Currently, the alarms of the dangers of genocide are being sounded in different corners of the world.
One hundred years later, the pain of the victims and survivors of the Armenian Genocide is vivid. The bitter memories of the Armenians on the killed and mutilated men, women and older persons, orphaned children, and the forcible displacement from their native homes and subjugation to torture and torment, have not faded.
In their turn, modern conflicts create a favorable environment and conditions for new genocides; and there are clear signals about it.

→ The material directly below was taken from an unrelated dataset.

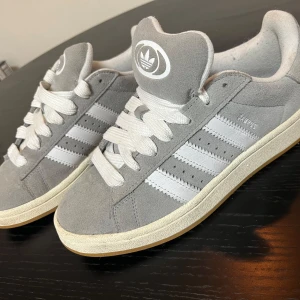 Grå Adidas Campus sneakers - Mycket bra skick, väldigt få tecken på användning. Strl 39 1/3. (Har råkat snöra de lite olika på bilden)
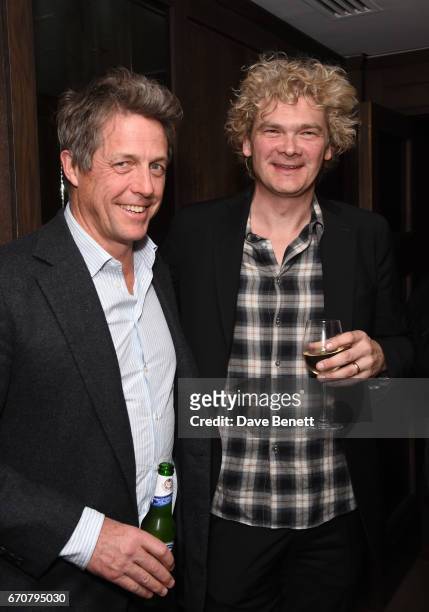 Hugh Grant and Simon Farnaby attend a gala screening of "Mindhorn" at the May Fair Hotel on April 20, 2017 in London, England.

The 44-day war of 2020, the acts that preceded and followed it against the civilian population of Artsakh [(Nagorno-Karabakh)], or the Azerbaijani military aggression against Armenia in September of this year, which was accompanied by the terrorization, and the deliberate targeting of the civilian population based on ethnic and religious hatred, are consistent signs of genocidal intentions.
These signs become clearer with the study and analysis of Azerbaijani public speech and sentiments.

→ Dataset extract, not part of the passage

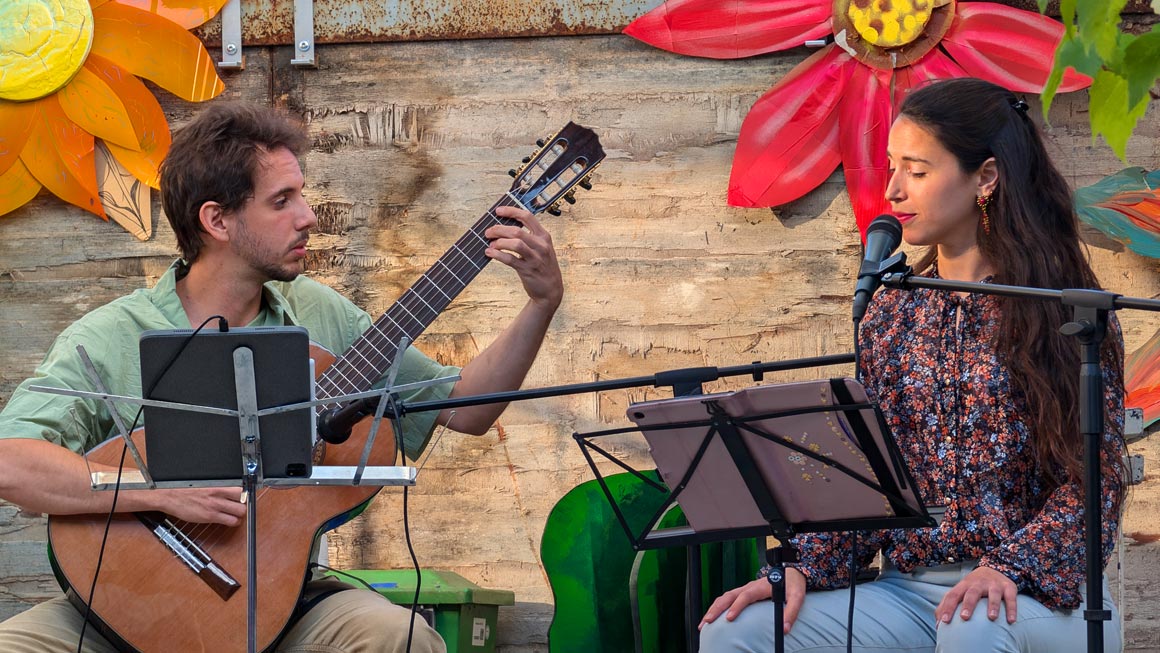 Dos Esquinas band members Maia Steinberg and Renzo Navone Rodríguez performing Argentine and Uruguayan folk music at an event, hosted by Originaria Events.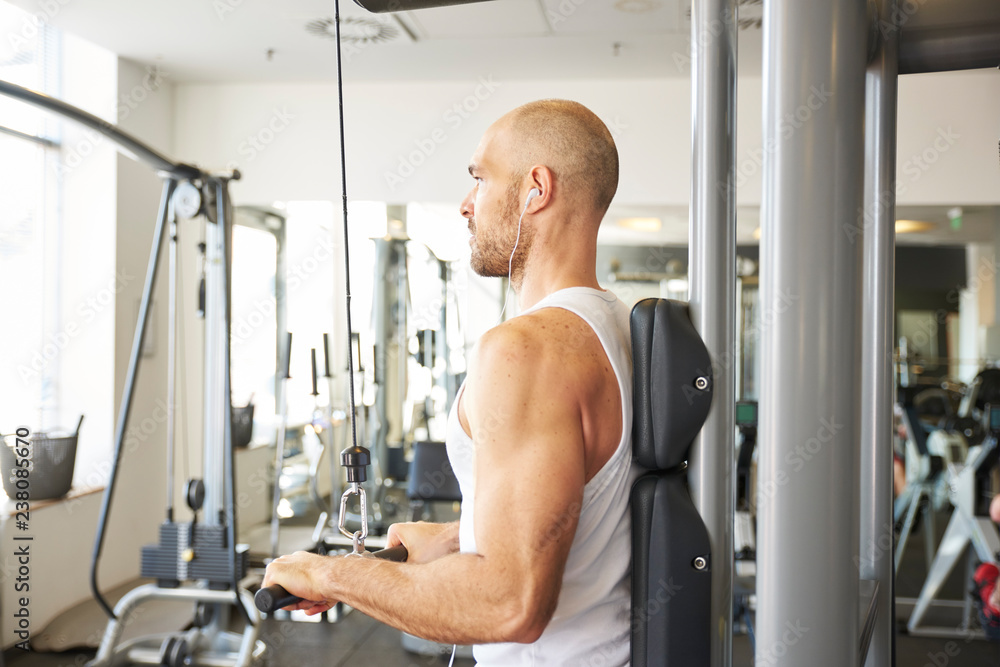 Middle aged man workout in the gym Middle aged man workout in the gym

It is more concerning that the propaganda of hatred based on ethnicity and religion, as well as gender, and the criminal acts of individuals motivated by it, are still being encouraged by Azerbaijan at the state level. It is even more dangerous that this policy of Armenophobia is manifested at all levels of the educational system of Azerbaijan.
The crimes of genocide, regardless of the nationality, religion, race, skin color and other personal characteristics of the perpetrator or the victim, must be prosecuted, punished and publicly condemned. Not only states and international organizations, but also individuals play key roles in this direction.”